The joy of teething and sickness ...

This week has been difficult in our home.  At the beginning of the week I had a sinus infection.  It was awful, I had never had one until the summer and now ... I get them all the time! why is that?  It's so frustrating.  It finally cleared on Wednesday and I was able to do my workouts and cleaning and being mummy as usual then BOOM Friday morning SICKNESS!!!


 We knew something was playing on the babies (we call Rose and Mattias 'the babies' it's so much easier to group them together - hehe I know we are lazy)  We knew because their sleep was totally off whack, naps and night time.

Rose was going round all day Friday saying 'Ow! Mummy, teeth sore!'  I gave her paracetamol and teetha (wee powders for teething) and it settled her for a little while but she had an awful nappy rash too the few days before (how did we not see the teething coming??) I didn't know what to do because I couldn't find any of the creams!!!
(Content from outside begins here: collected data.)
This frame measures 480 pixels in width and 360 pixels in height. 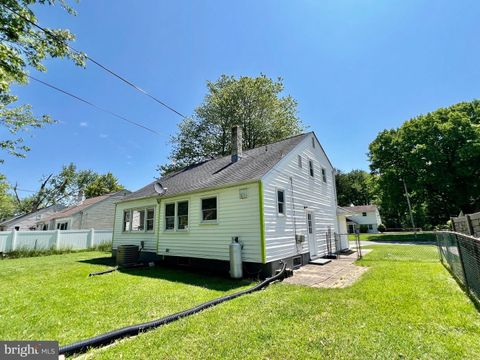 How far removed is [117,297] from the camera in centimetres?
572

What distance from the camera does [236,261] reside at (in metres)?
7.87

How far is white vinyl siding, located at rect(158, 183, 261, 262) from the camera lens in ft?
26.5

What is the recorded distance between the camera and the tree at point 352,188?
174 feet

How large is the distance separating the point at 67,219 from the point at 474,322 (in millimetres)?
30072

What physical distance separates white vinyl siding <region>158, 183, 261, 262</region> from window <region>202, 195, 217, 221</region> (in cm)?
13

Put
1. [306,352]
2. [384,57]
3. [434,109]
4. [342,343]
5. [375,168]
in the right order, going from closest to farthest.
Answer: [306,352]
[342,343]
[384,57]
[434,109]
[375,168]

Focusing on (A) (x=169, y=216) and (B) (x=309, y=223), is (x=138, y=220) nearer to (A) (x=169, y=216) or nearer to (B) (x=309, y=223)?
(A) (x=169, y=216)

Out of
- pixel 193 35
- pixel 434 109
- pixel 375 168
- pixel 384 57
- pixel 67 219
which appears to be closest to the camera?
pixel 193 35

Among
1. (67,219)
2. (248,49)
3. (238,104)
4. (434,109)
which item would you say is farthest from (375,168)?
(67,219)

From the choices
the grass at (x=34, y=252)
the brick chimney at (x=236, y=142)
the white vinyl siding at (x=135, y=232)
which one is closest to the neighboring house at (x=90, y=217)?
the grass at (x=34, y=252)

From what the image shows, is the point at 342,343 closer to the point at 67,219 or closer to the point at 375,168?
the point at 67,219

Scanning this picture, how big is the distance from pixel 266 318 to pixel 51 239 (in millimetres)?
18274

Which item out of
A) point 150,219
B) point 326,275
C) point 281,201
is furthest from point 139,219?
point 326,275

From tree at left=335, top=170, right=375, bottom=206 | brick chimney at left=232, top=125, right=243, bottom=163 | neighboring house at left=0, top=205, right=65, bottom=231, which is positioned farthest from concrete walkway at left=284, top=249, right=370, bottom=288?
tree at left=335, top=170, right=375, bottom=206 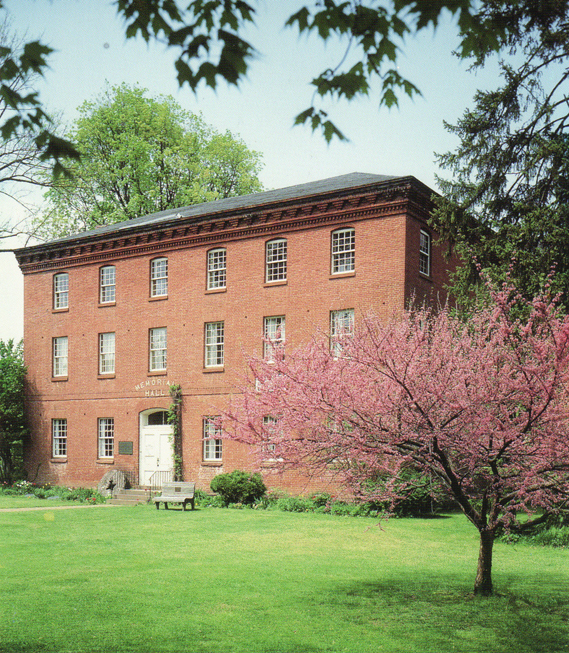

Then I remembered EGG WHITES - I remember my mum telling me that this is perfect for nappy rashes when the creams don't work and when the rash is so bad! Literally all you do is beat the whites a little and put them on the rash ... and blow the area till it's dry (yea not the easiest when they are screaming in pain BUT worth it because it cleared the rash up within a few days!)


 On Friday evenings Jonathan goes to FBI in church - this is Friday Bible Investigators (our church's kids club) and Dale was taking him while I watched the babies.  Rose always gets upset when Dale leaves in the car without her so to keep her happy when she wasn't well the curtains were opened and she waved for a long time at him (he had long gone) Isn't she cute!

 

So a teething, cranky, filled with the cold 21-month-old was just the start... then we have the 9 1/2-month-old who has conjunctivitis, a rotten cough and snotty nose.  He is very clingy and not sleeping properly, and yet still has bouts of pure contentedness.  He is such a pleasure, even with an awful nappy rash that he doesn't complain about.

              

I mean, look at that little face that can smile even when he is really not feeling well! His wee eyes are what makes me the saddest.  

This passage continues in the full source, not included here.